Assistant Examiner: Verdier; Christopher
Attorney, Agent or Firm: Squillaro; Jerome C. Davidson;
James P.
Claims
What is claimed is:
1. A vane for a gas turbine engine, comprising:
an airfoil section having a generally convex suction surface
terminating in a trailing edge of the airfoil section, a generally
concave pressure surface opposite the suction surface and coupled
thereto at the trailing edge, the airfoil section further having a
relatively blunt leading edge coupling the suction surface to the
pressure surface through a transition region with a high curvature,
an enclosed chamber being defined by said leading edge, said
pressure surface and said suction surface within said airfoil
section;
a plurality of vent holes penetrating said airfoil section for
passing a cooling fluid from within said chamber to said surface of
said airfoil, said vent holes comprising arcuate passages extending
through said leading edge adjacent said high curvature transition
region for directing cooling fluid toward said suction surface at
an injection angle less than about 25 degrees, said cooling fluid
having a mass flow rate such that the blowing ratio at the vane
surface is greater than 1.0.
2. The vane as recited in claim 1 wherein the curved vent holes
have a radius of curvature of about 0.675 inches.
3. The vane as recited in claim 1 wherein the injection angle is
about 16.5 degrees.
4. The vane as recited in claim 1 wherein the blowing ratio is
about 1.2.
5. The vane as recited in claim 1 wherein a line tangent to one of
said vent holes and a line tangent to said trailing edge of said
vane form an angle therebetween of less than 90 degrees.

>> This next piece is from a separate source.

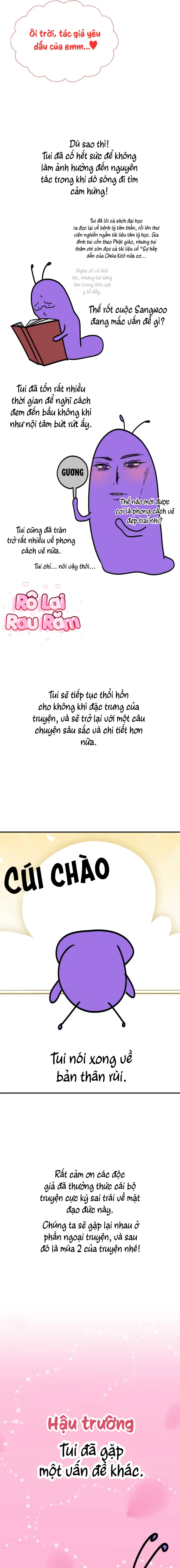 (KO CHE) ÔNG BỐ PHÒ Chapter 25.1 Lời đánh giá - Trang 2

6. A method of cooling a vane in a gas turbine engine, the vane
having an airfoil section exposed to a stream of high temperature
combustion gases in the gas turbine engine and the airfoil section
including a relatively broad and blunt leading edge, a convex
shaped suction surface, a set of arcuate cooling air injection
holes in the leading edge of the airfoil section upstream of the
suction surface, and a chamber within the airfoil section
communicating with the cooling air injection holes, the method
comprising the steps of:
injecting cooling air from the chamber through the cooling air
injection holes onto the relatively broad and blunt leading edge
with an injection angle of less than about 25 degrees and
establishing a blowing ratio greater than about 1.0 in response to
the injecting step.
7. The method of claim 6 and further including the step of forming
the arcuate shaped air injection holes with a radius of curvature
of about 0.675 inches.
8. The method of claim 6 wherein the injecting step comprises
injecting cooling air at an injection angle of about 16.5
degrees.
9. The method of claim 6 wherein the step of adjustably
establishing a blowing ratio comprises the step of establishing a
blowing ratio of about 1.2.
Description
The present invention relates to vanes for gas turbine engines and,
more particularly, to vanes having hollow airfoil sections with
vent holes for cooling.
BACKGROUND OF THE INVENTION
The high temperature of inlet gas stream air entering high pressure
turbine nozzles and flowing over outer surfaces of individual vanes
of the nozzles in a gas turbine engine has required cooling of the
vane airfoil sections in order to maintain vane temperatures within
the present material capability. Cooling is commonly provided by
forming the vanes as hollow airfoils and providing vent holes from
the hollow interior through which a cooling gas, typically air, is
forced. The gas desirably forms a film over at least a portion of
the airfoil surface and thereby cools or at least insulates such
surface. The film cooling injection location is extremely important
on the suction side (convex surface) of the airfoil where the hot
gas stream can become supersonic. Performance considerations have
driven film cooling to be introduced on the airfoil surface at
locations where the hot gas stream has a low velocity and near the
leading edge of the airfoil section. The selection of cooling film
injection locations is a trade-off between performance and cooling
of the airfoil. Performance losses are directly proportional to the
square of the main stream Mach number at the injection locations.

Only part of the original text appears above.